How a French Jew helped thousands of immigrant Bulgarians in the direst years of the 20th century
Not all people who make a big difference in history, or attempt to make one, are ahead of great governments or armies. Sometimes, humble clerks are capable of changing the lives of thousands, or millions, just by doing their job and showing compassion to the suffering of ordinary people.
A century ago, a Jewish Frenchman did just that for Bulgaria – twice.
From 1926 to 1932, René Charron, an envoy of the Finance and Economic Research Centre in the League of Nations, helped 250,000 Bulgarian refugees from what are now Romania, Greece and Macedonia to start a new life. His idea was simple and effective. He secured an international loan and spent it on the building of new, practical and inexpensive houses, on buying livestock and updating public infrastructure.

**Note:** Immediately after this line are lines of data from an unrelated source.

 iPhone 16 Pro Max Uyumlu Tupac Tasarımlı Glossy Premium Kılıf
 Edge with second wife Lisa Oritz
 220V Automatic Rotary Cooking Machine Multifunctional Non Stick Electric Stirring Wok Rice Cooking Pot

To grasp the change that Charron wrought, you have to imagine Bulgaria after the Great War. The country had fought in three separate wars and lost two of them, dubbing them national catastrophes. The refugees arriving in Bulgaria from Aegean Thrace, Macedonia, Dobrudzha and the borderlands with the Kingdom of Yugoslavia were one of the most visible reminders of the losses. Their sad caravans carried dispirited people who had neither homes, nor work or hope. They settled where they could or where they were told by the government – on the outskirts of cities, towns and villages, including Sofia. They built shanties and struggled to survive.
The government was incapable of helping them. It could barely help itself.

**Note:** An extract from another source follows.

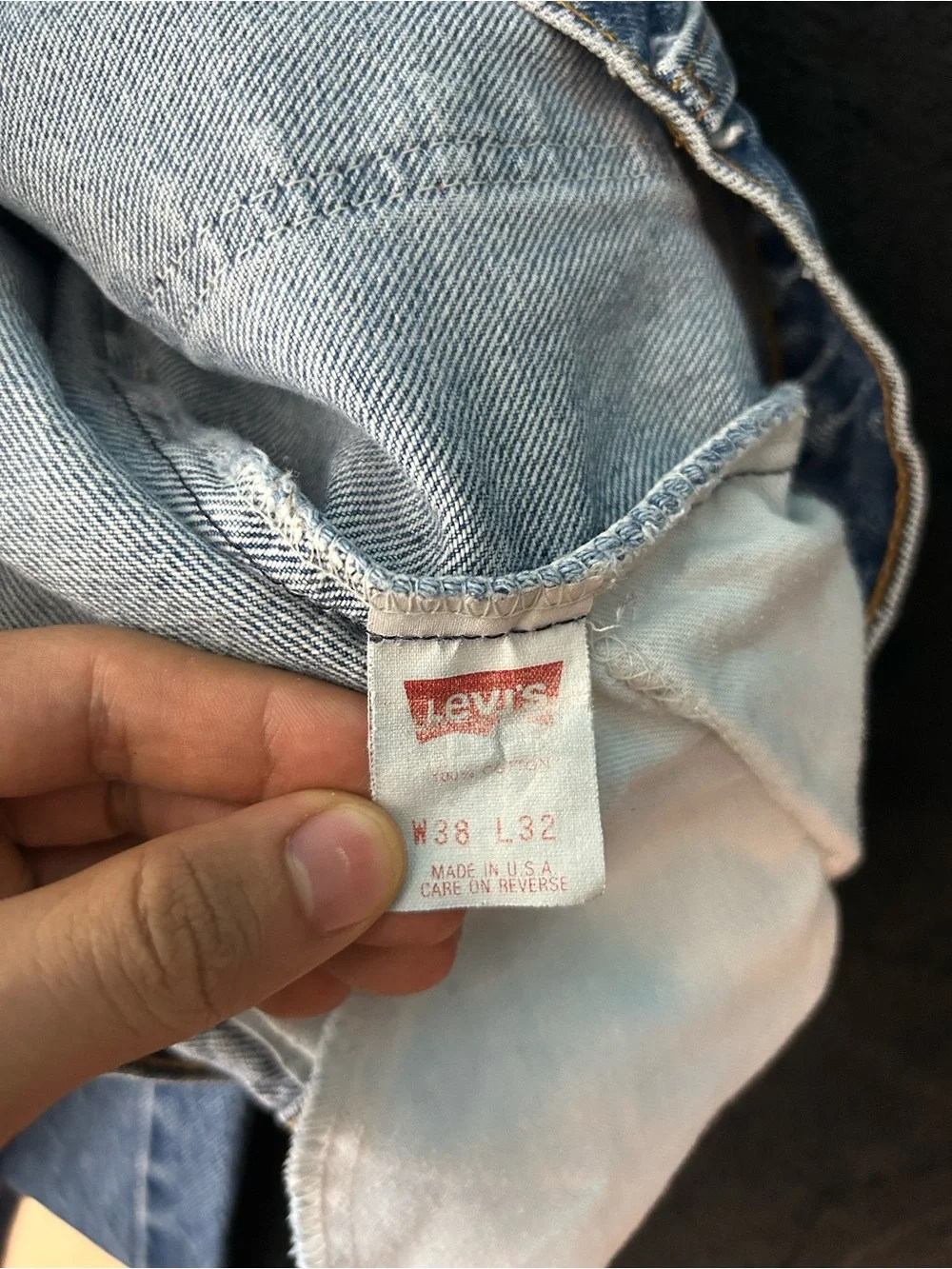VTG Y2K Levis 517 Jeans Men 34x32 Blue 90s Orange Tab Bootcut Made USA Excellent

On 27 November 1919, in the Neuilly-sur-Seine neighbourhood of Paris, the embittered Prime Minister Aleksandar Stamboliyski signed a humiliating peace treaty. Bulgaria lost its access to the Aegean and South Dobrudzha. Its army and police forces were severely downsized. Reparations of 2.25 billion gold francs to the victors were imposed. The annual debt payment consumed 55 percent of the state budget and, even after restructuring in 1923, it was still a considerable burden. Moreover, the government found it very difficult to obtain an international loan, as it needed the prior approval of the victors.
The League of Nations and René Charron helped change this dire situation.
That ill-fated organisation, created after the Great War with the intention of "putting an end to all war," completely failed at its original task. In certain areas, however, it really was a force for good. In 1925, for example, the League reacted quickly to the Greek invasion of Bulgaria and forced Greece to pay compensation for its "unprovoked aggression."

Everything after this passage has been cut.